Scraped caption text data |

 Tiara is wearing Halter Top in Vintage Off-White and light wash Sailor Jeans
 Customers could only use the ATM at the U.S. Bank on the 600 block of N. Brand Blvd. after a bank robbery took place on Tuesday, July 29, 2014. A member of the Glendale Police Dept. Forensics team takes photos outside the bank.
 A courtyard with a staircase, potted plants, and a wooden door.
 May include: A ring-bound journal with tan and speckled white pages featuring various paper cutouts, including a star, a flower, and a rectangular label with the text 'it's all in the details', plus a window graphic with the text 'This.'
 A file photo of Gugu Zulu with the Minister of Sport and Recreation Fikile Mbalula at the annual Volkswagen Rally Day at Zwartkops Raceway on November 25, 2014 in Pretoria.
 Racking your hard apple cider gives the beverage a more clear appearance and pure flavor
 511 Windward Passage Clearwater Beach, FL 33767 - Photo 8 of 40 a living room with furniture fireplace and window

Exercise prompt | Please write out only the lines from the one containing "Racking your hard" to the end of the records above, exactly, both ends included.

Your solution |
 Racking your hard apple cider gives the beverage a more clear appearance and pure flavor
 511 Windward Passage Clearwater Beach, FL 33767 - Photo 8 of 40 a living room with furniture fireplace and window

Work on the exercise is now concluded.